Dataset section —

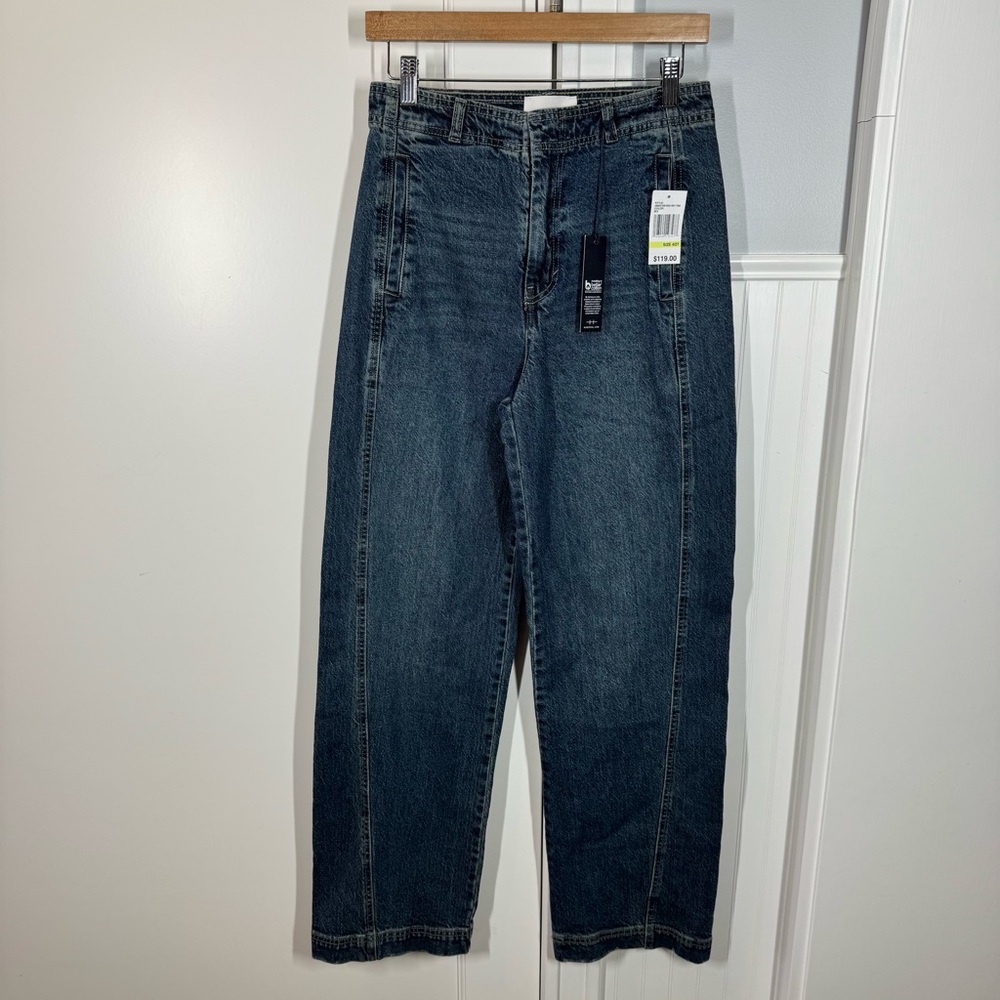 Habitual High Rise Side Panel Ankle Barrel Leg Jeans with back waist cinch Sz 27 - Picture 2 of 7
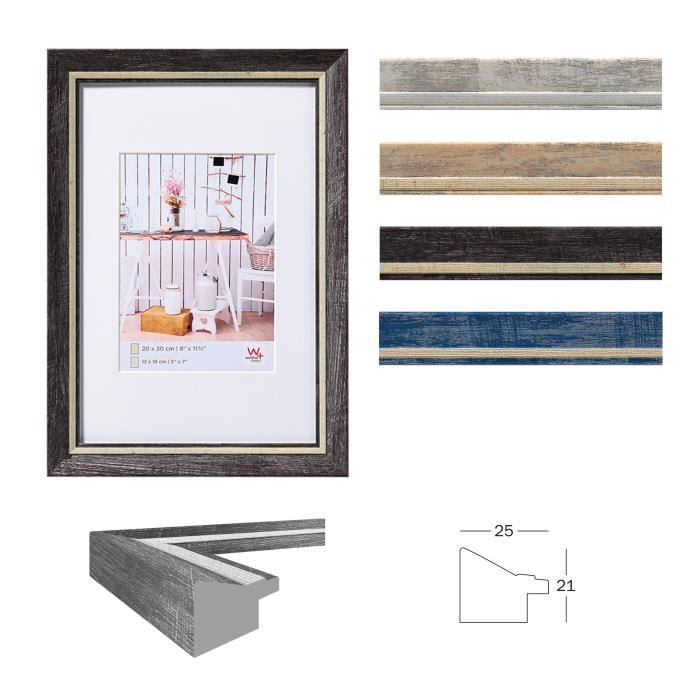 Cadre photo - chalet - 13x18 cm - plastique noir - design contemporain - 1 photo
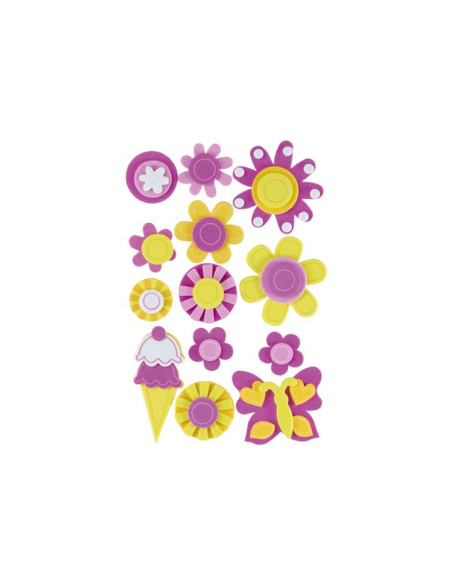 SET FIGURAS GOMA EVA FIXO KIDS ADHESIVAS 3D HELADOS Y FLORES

Exercise — Transcribe only the lines from the line holding "Cadre photo - chalet" to the final line of the listing above. Keep them exact, include both ends, and skip the pictures.

Result —
 Cadre photo - chalet - 13x18 cm - plastique noir - design contemporain - 1 photo
 SET FIGURAS GOMA EVA FIXO KIDS ADHESIVAS 3D HELADOS Y FLORES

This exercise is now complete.